§ **Supplied data**:
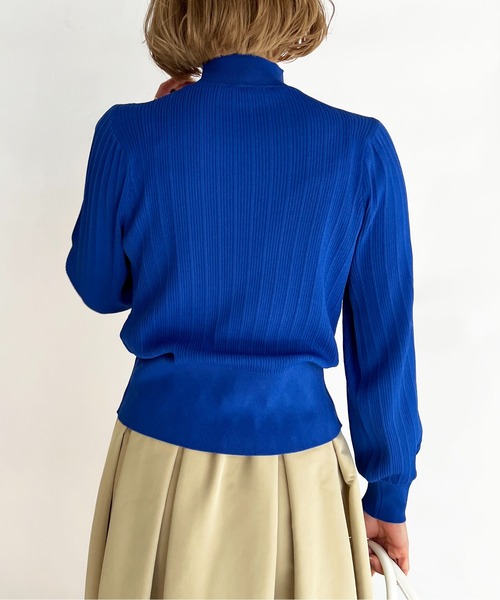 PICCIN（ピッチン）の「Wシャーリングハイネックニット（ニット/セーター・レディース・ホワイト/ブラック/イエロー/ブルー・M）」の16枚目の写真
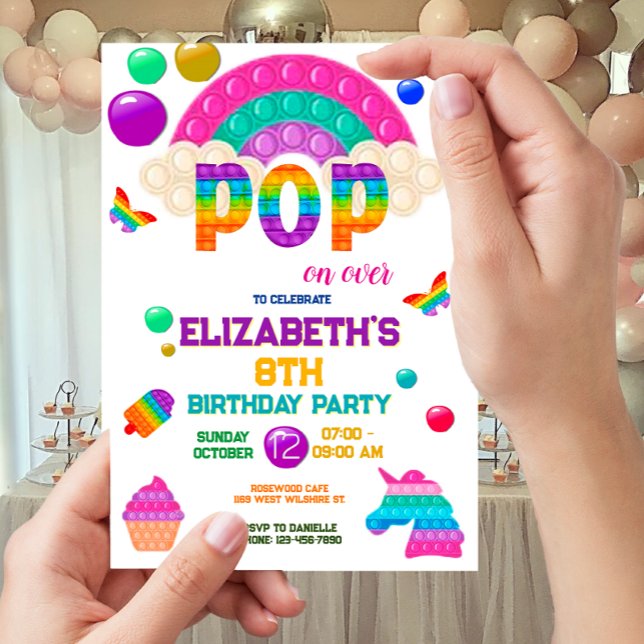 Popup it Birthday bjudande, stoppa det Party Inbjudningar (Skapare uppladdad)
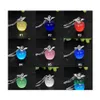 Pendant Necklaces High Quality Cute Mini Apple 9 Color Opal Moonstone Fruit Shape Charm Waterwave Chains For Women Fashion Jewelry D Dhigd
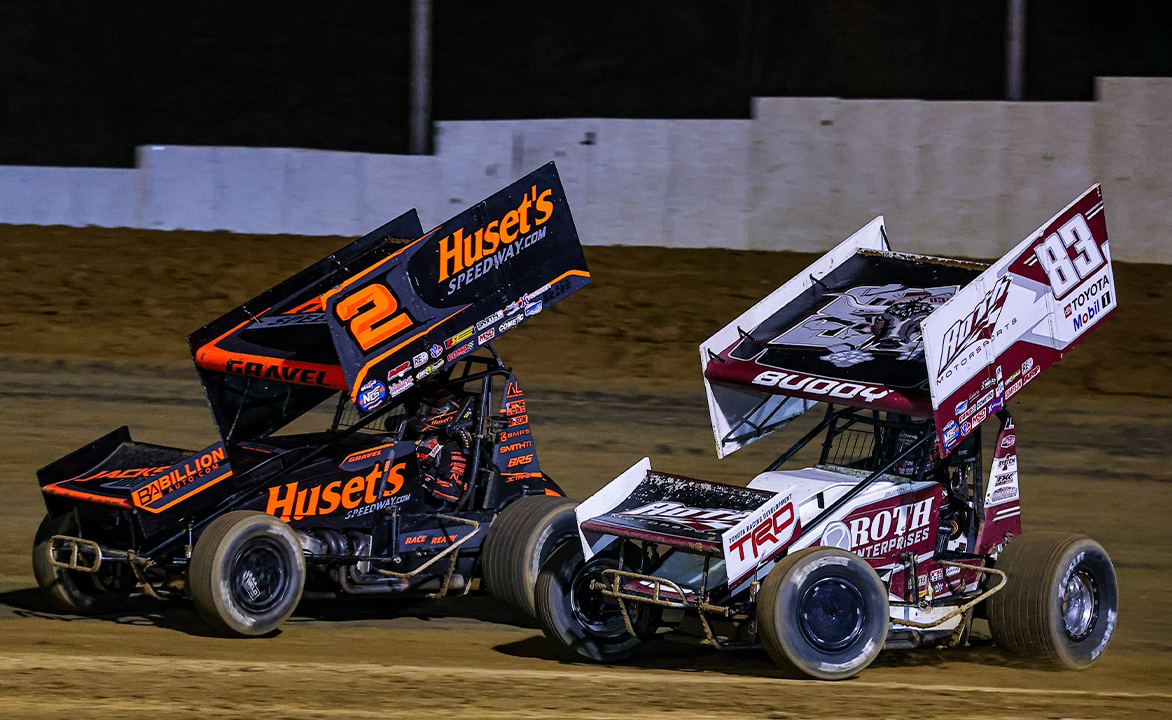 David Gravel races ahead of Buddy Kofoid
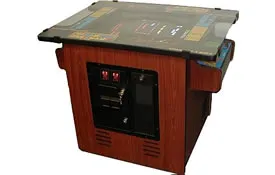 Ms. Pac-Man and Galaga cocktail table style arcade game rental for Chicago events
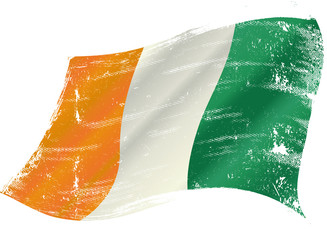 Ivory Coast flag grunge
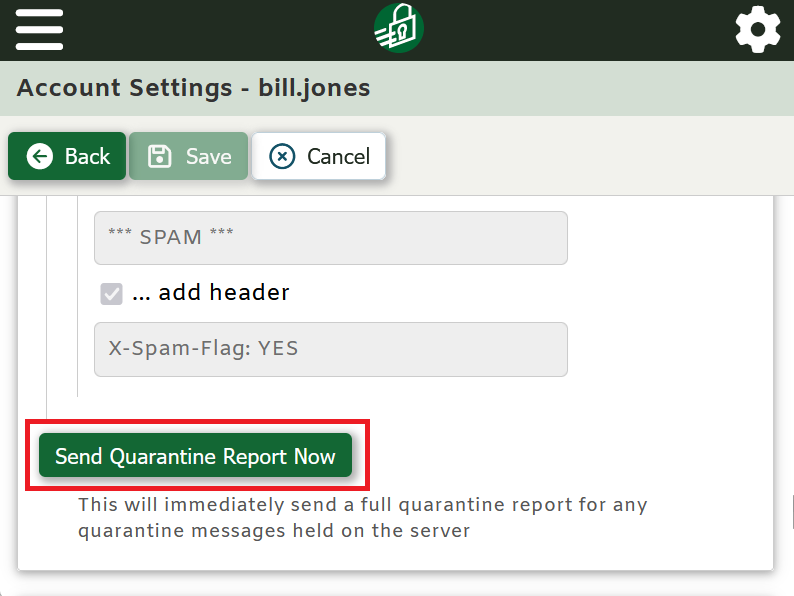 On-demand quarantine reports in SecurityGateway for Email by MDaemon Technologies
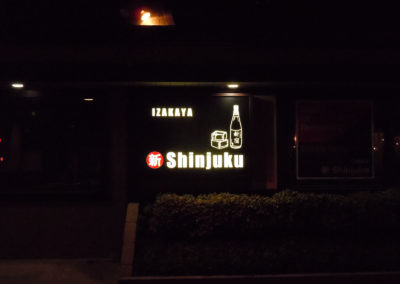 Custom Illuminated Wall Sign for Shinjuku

§ **Problem to solve**: With pictures omitted, copy exactly the lines from the one containing "Ivory Coast flag grunge" through the final line of the listing, both included.

§ **Solution to the exercise**:
 Ivory Coast flag grunge
 On-demand quarantine reports in SecurityGateway for Email by MDaemon Technologies
 Custom Illuminated Wall Sign for Shinjuku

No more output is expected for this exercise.